Kaderabek said the turnout was excellent despite cool temperatures. Although there was no way of knowing the exact number of how many people showed up, he said the event most likely surpassed his goal of 500.

“I think the biggest goal is to make sure that everyone has a real good time and gets their fill of everything they can while they’re here,” Kaderabek said. “We’re just hoping to have a highly successful event that can lay the groundwork and raise funds and raise the name to make sure that every year it’s just consistently getting better.”

In an April 12 meeting, the Eau Claire City Council officially proclaimed Earth Day in the city. In Wisconsin, Earth Day is especially significant because it was originated by former Wisconsin governor and U.S. Sen.
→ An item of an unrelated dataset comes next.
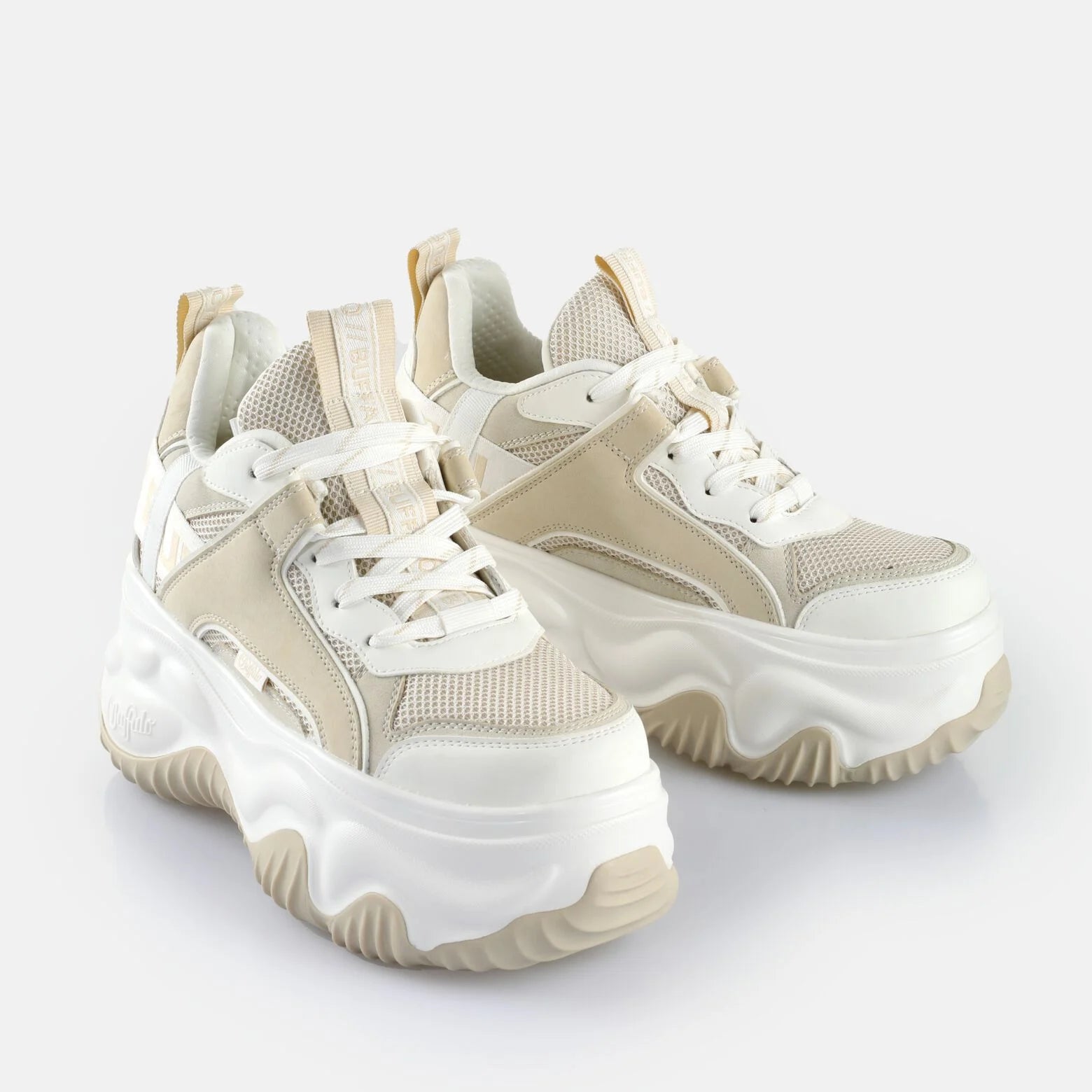 #color_white/beige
Gaylord Nelson.

Kaderabek said he was also pleased to see students helping out to fulfill Service-Learning requirements.

“I think that’s a really great sign of some of the student body,” he said. “I know that this year Service-Learning in particular has caught a lot of heat and been a really touchy issue, so it’s great to see that there’s an option that … there’s no conflict about.”
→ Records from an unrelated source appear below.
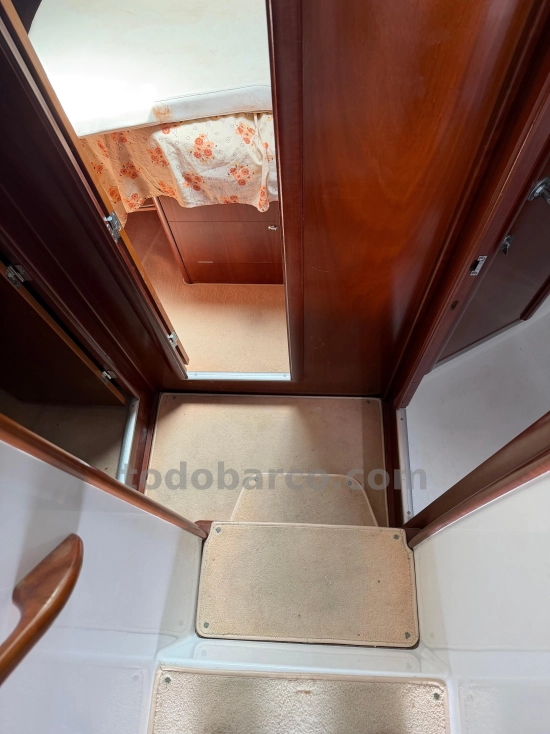 Beneteau Antares 1080 usado à venda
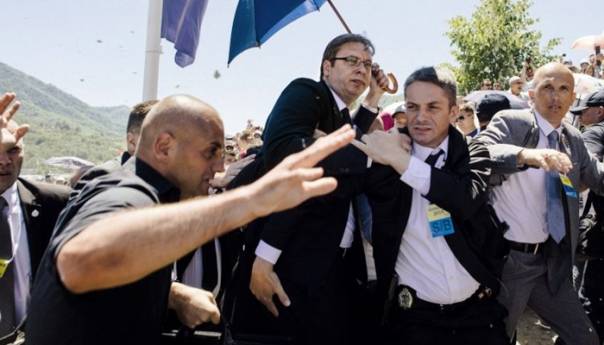 Prelević optužio Vučića za napad u Potočarima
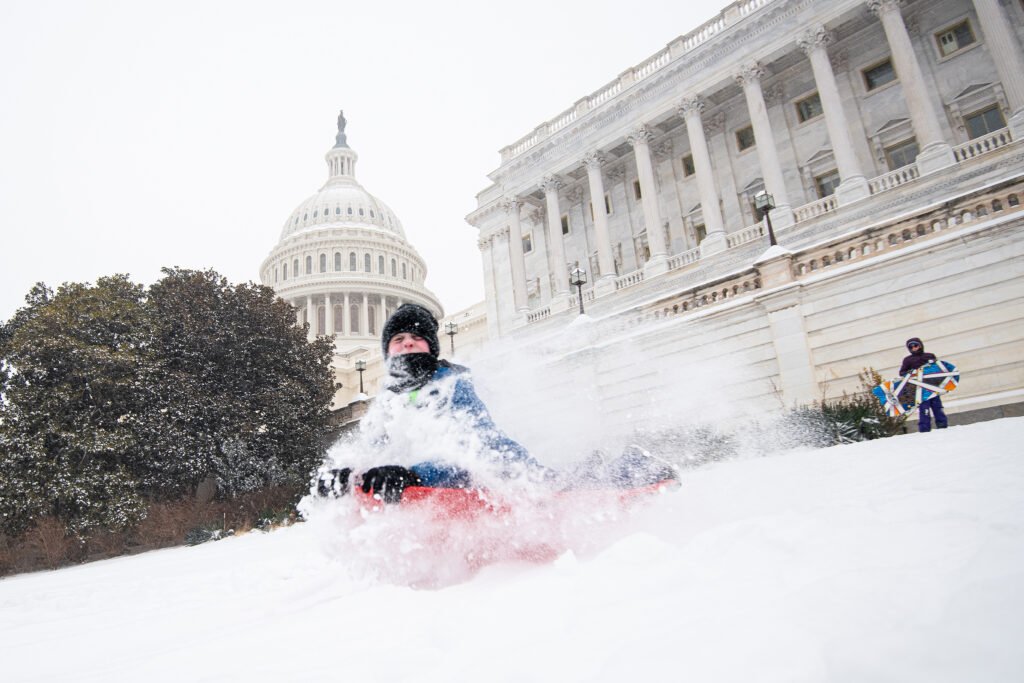 Severe winter weather disrupts US air travel, thousands of flights grounded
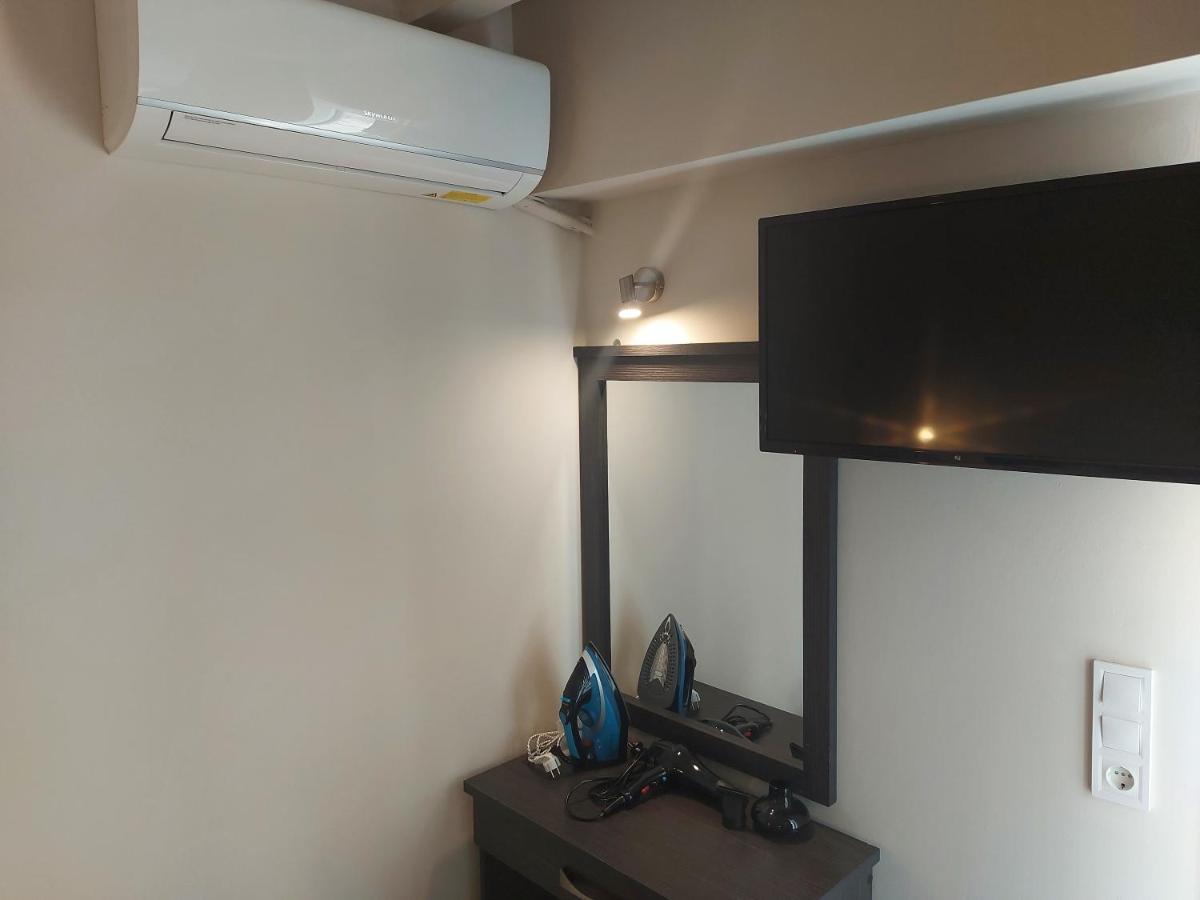 Hotel Banbus Loutra Edipsou  Luaran gambar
As part of Earth Week, four presenters, including three professors, spoke at the university about ongoing energy problems Wednesday afternoon in Davies Center.

The quartet spoke about topics including Alaska’s Arctic National Wildlife Refuge, coal production and economic and political ramifications of United States’ energy policy.

Senior Lisa Huftel said the presentation was an excellent addition to the Earth Week festivities.

“I walked away knowing a lot more information on the subject (than) before I walked into the room,” she said. “I think that the people that were there thought it was successful. Earth week shouldn’t be celebrated just for one week or just for one day. We need to treat the environment with respect every second of every day of our lives.”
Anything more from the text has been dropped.